“O que você tem feito de bom”?

Pergunta corriqueira que se faz quando encontramos um amigo.

Da no mesmo que dizer: “tá tudo bem? E a saúde, vai melhor que as doenças”?

A resposta pode vir na ponta dos cascos: “vai bem sim. Não vês que ainda estou de pé”?

Cumprimentar uma pessoa, perguntando como ela vai. Ela pode responder, caso esteja de mau humor: “vou pro raio que o parta. Não te interessa. Vou viajar com meu dinheiro. Não te pedi emprestado nenhuma grana. E vai pros quinto dos infernos”.

Não se avexe se a resposta a sua gentileza não ensejar outra gentileza. Melhor ignorar a mal criação. Em boca fechada não entra boticão.  Da próxima vez se cale. Já dizia a minha avozinha: “em boca fechada não entra barata. Cuida da sua vida que eu cuido da minha”.

A vida me ensinou que nem sempre a cordialidade, a fraternidade, o amor, nem sempre tem a resposta devida. Afrontas, mal querenças, desavenças, coexistem lado a lado ao carinho, ao afago, ao jeitinho doce de dizer como eu gosto de você.

Não se apoquente se receber uma resposta mal criada ao seu bom dia dado de coração aberto. Continue a dar bons dias. Mesmo que o outro não retribua a sua cortesia.

Seja bom. Não bobo. Distribua sorrisos a torto mesmo que a pessoa seja de esquerda. Não se avexe se alguém tenta mexer no seu bolso.  Aprenda a dizer não. Um sim pode ser mais simpático. Um não bem dito pode atrair antipatia. A ter um desafeto pidão bem melhor dizer não a ficar na saudade de nunca mais receber de volta a soma emprestada de boa fé. Dizem que a fé remove montanhas. Pra quê? Deixa aquela serrinha em paz no seu lugar.

Seu Bento Beato é meu amigo. Pessoinha da prateleira bem em cima. Difícil de alcançar sua bondade.

Um dia ele passou por aqui. Numa consulta de rotina.  Não que ele sofresse da urina. No entanto dos entre tantos encantos. Dada a sua idade avançada. Já havia passado da hora de examinar a sua próstata.

Naquele mês de setembro, quase primavera. Seu Bento Beato, já com os joelhos gastos de tanto ajoelhar na igreja. Igrejeiro de coração repleto de bem querenças. Quando ele conferiu sujas nádegas ao assento defronte a minha cadeira. Já conhecedor de suas incontáveis virtudes, a ele perguntei: “Bento. Qual o seu maior defeito”?

Ele me respondeu placidamente: “quer saber? Bondade demais”.

Em poucos minutos escrutinei seus queixumes. “Nada sério. Aqui vim para saber notícias da minha próstata. Ela não diz nada.
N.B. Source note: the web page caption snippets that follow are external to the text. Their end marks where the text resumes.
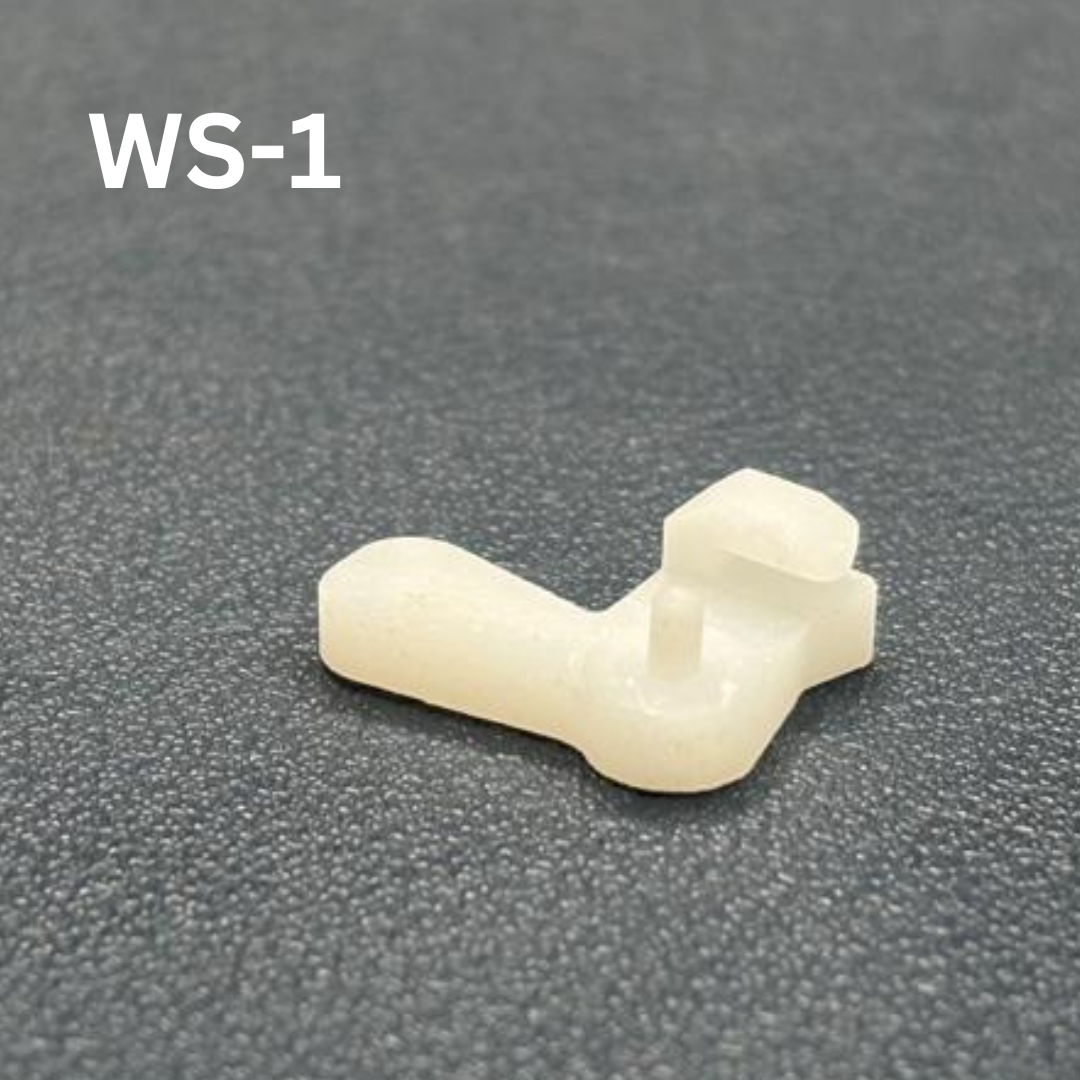 WD 2.5″ & 3.5 WD 2.5″ & 3.5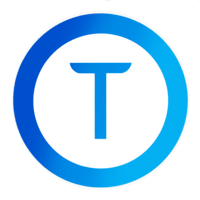 TRUSD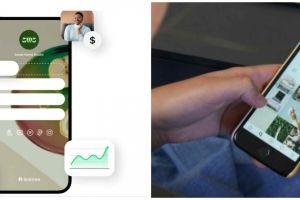 7 Cara membuat linktree dengan mudah, cocok untuk bisnis online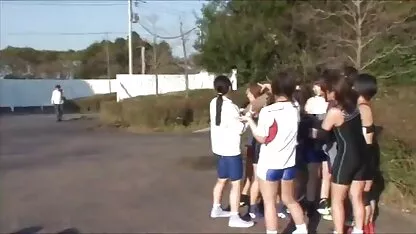 Gros Seins Nikita Bulles jolies nues Sur Gros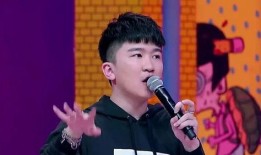 娱乐吃瓜酱王武,娱乐吃瓜界的“酱王”传奇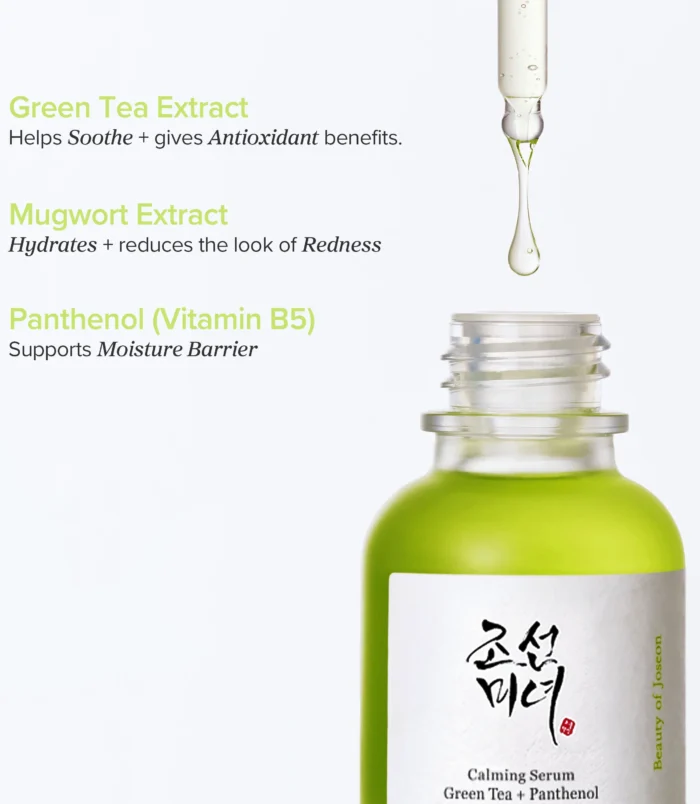 calming-serum-green-tea-panthenol-5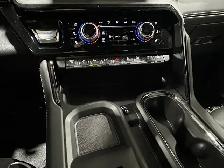 2026 GMC Sierra 2500HD AT4X - Photo 24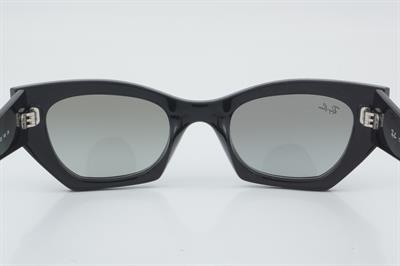 Ray-Ban RB 4430 6677/11 49 - 01 Güneş Gözlüğü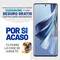 Celular OPPO Reno10 256GB 5G Azul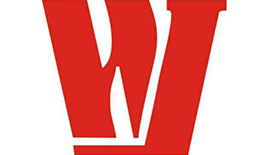 betway百度百科案例——航旅交通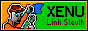 [Linkcheck by Xenu!]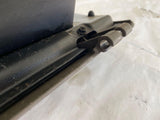 2002 - 2003 JEEP LIBERTY Limited Wagon Front Glove Box Storage Compartment A/T T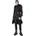 Devil fashion мъжко палто DEVIL FASHION - Punk - CT272
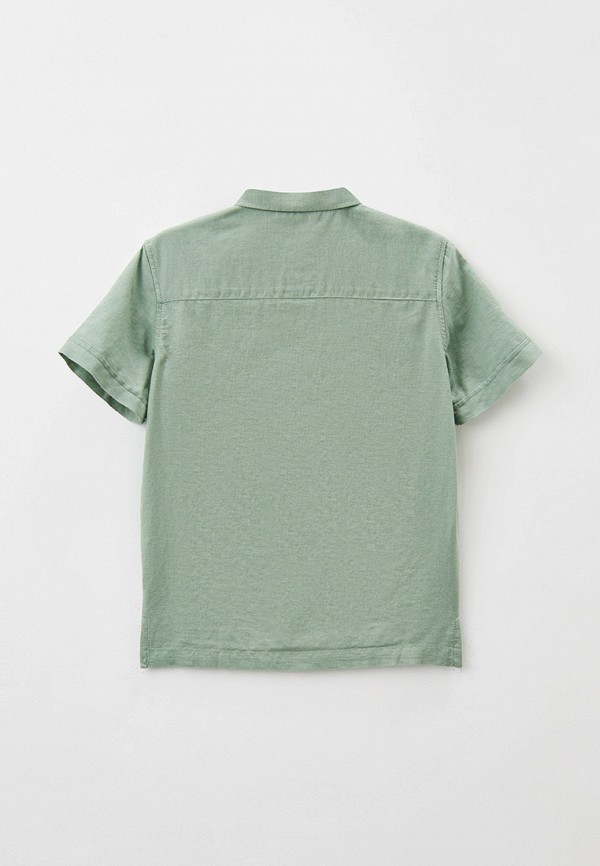 фото Рубашка united colors of benetton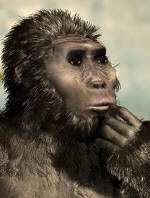 kenyanthropus_small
E nem fala comigo. Parece que elazinha cresceu um cadiquinho. Mas não estorva o meu urinar. No entanto todo mundo diz pra eu me preocupar. Já que câncer na minha idade pode carecer de cuidar”.

Levei meu consultante à sala de exame. Meti o dedo bisbilhoteiro naquele lugar escondido. Bento Beato nem se mexeu. Ficou de olhinhos fechados esperando o pior. Não levou nem meia horinha aquele toque sem retoque. Foi tudo bem melhor que a gente previa. A próstata do amigo Bento era do tamainho de uma noz bem macia. Sem nadica de nadinha que sugerisse malignidade.

Como ele não me queixasse de nenhum sintoma acabamos a consulta falando de amenidades.

“E ai Bento Beato? Ainda se esconde por aquelas bandas? Já se aposentou de vez pra sempre? Ou ainda faz algum bico? O que tens feito de bom”?

Bento me respondeu agradecendo a gentileza. Não cobrei a consulta, pois ele não tinha plano de saúde nem como pagar.

Simplesmentemente me respondeu dando-me um apertado abraço.

“O que tenho feito bom? Simplesmente continuo vivo.”

Verdade, viver bem, naquela idade. É a melhor coisa que a gente pode fazer, de verdade.